_Directions_: Nothing outside the range below should be printed. Output exactly the lines from the line with "Lavender Floral Crystal" to the line with "Kitchen multi layer", both included.

^^^^^^^^^^^^^^^^

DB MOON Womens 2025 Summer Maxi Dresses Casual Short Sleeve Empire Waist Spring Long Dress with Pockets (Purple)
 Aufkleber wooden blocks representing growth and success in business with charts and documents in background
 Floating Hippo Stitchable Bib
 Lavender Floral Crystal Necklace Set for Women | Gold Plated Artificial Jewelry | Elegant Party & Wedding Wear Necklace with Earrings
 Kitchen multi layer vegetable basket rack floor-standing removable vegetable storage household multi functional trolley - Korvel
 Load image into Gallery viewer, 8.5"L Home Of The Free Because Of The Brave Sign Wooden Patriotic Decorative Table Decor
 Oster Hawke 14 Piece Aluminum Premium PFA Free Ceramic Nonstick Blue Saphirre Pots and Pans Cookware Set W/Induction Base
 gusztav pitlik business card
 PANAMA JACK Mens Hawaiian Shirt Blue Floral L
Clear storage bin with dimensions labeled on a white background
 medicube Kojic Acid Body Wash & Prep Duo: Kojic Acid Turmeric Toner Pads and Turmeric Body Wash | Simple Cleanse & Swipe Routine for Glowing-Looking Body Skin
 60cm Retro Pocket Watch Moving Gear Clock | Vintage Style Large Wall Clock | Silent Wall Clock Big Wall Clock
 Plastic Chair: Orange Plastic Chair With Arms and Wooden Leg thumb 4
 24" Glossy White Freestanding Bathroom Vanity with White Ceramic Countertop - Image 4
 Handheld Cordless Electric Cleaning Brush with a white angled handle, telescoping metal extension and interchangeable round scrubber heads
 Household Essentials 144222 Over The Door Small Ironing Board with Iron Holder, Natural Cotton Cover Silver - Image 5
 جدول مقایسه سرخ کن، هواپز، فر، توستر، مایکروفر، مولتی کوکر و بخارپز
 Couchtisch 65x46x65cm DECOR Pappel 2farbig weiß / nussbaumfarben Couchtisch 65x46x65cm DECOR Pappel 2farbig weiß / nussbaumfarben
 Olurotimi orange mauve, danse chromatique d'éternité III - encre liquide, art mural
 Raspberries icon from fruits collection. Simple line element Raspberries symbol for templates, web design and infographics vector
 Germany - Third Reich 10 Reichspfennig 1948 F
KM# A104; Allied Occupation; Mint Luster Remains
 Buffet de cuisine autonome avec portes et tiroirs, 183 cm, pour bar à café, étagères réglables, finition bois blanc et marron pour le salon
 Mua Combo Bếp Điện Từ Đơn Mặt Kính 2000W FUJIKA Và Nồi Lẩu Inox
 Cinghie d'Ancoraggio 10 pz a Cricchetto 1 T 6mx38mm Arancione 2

^^^^^^^^^^^^^^^^

_Problem solution_:
 Lavender Floral Crystal Necklace Set for Women | Gold Plated Artificial Jewelry | Elegant Party & Wedding Wear Necklace with Earrings
 Kitchen multi layer vegetable basket rack floor-standing removable vegetable storage household multi functional trolley - Korvel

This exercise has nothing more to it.